親および兄弟姉妹に対する扶養義務とは?
民法877条1項は、「直系血族及び兄弟姉妹は、互いに扶養をする義務がある」と定めています。「直系血族」とは、「自分を中心として、父や母、祖父母など直接さかのぼっていく場合と、子どもや孫、ひ孫など直接下っていく場合の親族」のこと。これが、「自分(成人を前提とします)の親及び兄弟姉妹に対する扶養義務(面倒を見る義務)」の根拠規定になります。
ですが、「扶養する義務がある」という条文内容だけでは、その具体的な程度や内容がわかりませんね。
「自分の親及び兄弟姉妹に対する扶養義務」は、「扶養義務のある者が、自分(配偶者・子がいる場合はそれらも含みます)の社会的地位、収入等に相応した生活をしたうえで、余力のある範囲で、生活に困窮する親族を扶養する義務」と解されています。
自分の生活だけで精いっぱい、余力がない、という場合には、「自分の親及び兄弟姉妹に対する扶養義務」は認められません。

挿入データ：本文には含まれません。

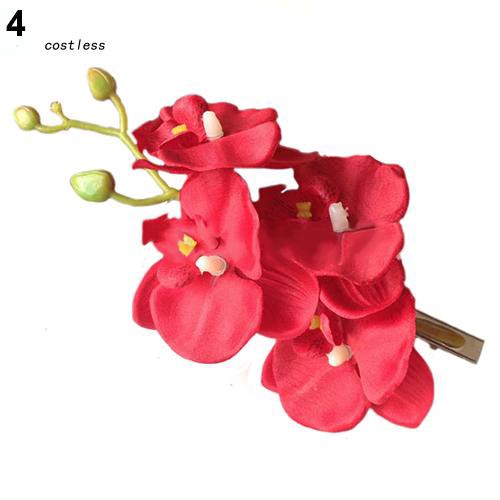 Trâm cài tóc hình hoa phong lan thời trang thanh lịch dành cho nữ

自分の親や兄弟姉妹に対する扶養義務は、「自分の生活を犠牲にしてでもすべての面倒を見る義務」ではないのです。この点、重要なので、覚えておきましょう(なお、自分の配偶者および子に対する扶養義務は、「自分の親及び兄弟姉妹に対する扶養義務」よりも義務の程度が強く、「自分と同程度の水準の生活をできるようにする義務」であるとされています)。